The editor of "L'Interprète", a small-circulation fortnightly, Ponte was arrested at the "Pascal" bus stop in Masina, a municipality to the east of Kinshasa, at 7:30 a.m. (local time) on 7 March, the letter said. After several days without news of him, his family and lawyers finally learned that he was being held in a building used by the National Intelligence Agency (ANR) on the bank of the Congo River, near the prime minister's office.

Their repeated attempts to visit him and to find out why he is being held have been unsuccessful; Ponte has not been able to see a lawyer or a doctor, in violation of articles 18 and 19 of the constitution which guarantee the rights of detainees in police custody.

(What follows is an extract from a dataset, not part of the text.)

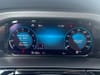 19 thumbnail image of  2026 Volkswagen Atlas Cross Sport SE w/Technology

Nzovuangu, who works closely with Ponte, was arrested on 29 March and has been held incommunicado ever since.

The United Nations Mission in Democratic Republic of Congo (MONUC) also tried in vain to obtain information about Ponte and Nzovuangu.

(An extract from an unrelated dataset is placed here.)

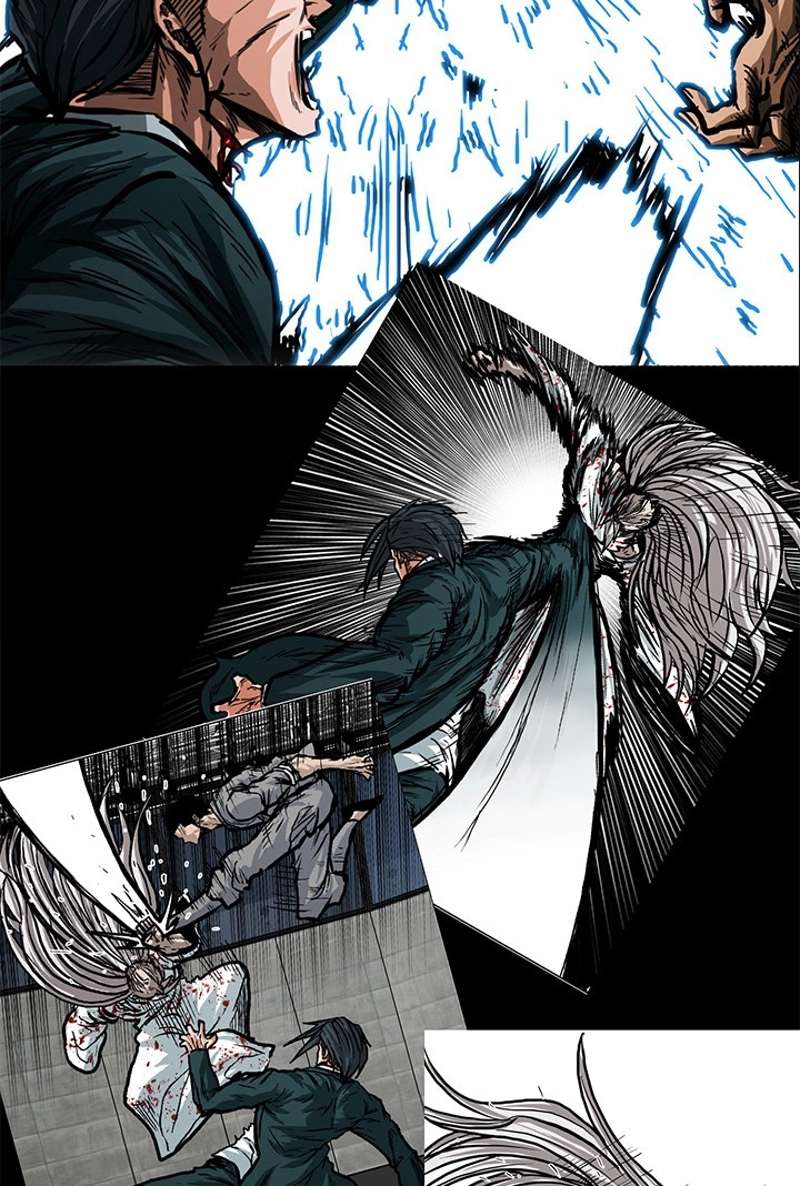 P66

However, "during a meeting with members of the National Union of Congo Press (UNPC), communications and media minister Emile Bongeli said Ponte was being held for criticising the President and he undertook to obtain his release so that he could be sanctioned by his fellow journalists," the letter said.

"In view of this lack of transparency, (. . . ) this disturbing situation must be resolved quickly according to the rule of law, which the interior ministry is there to protect," the letter continued. "Our two organisations urge you to obtain precise information from your department about the situation of Ponte and Nzovuangu and to ensure that their rights are respected."

"It seems essential that they should be taken before a judge at once if properly documented legal proceedings are to be initiated against them. Otherwise they should be released," the letter concluded.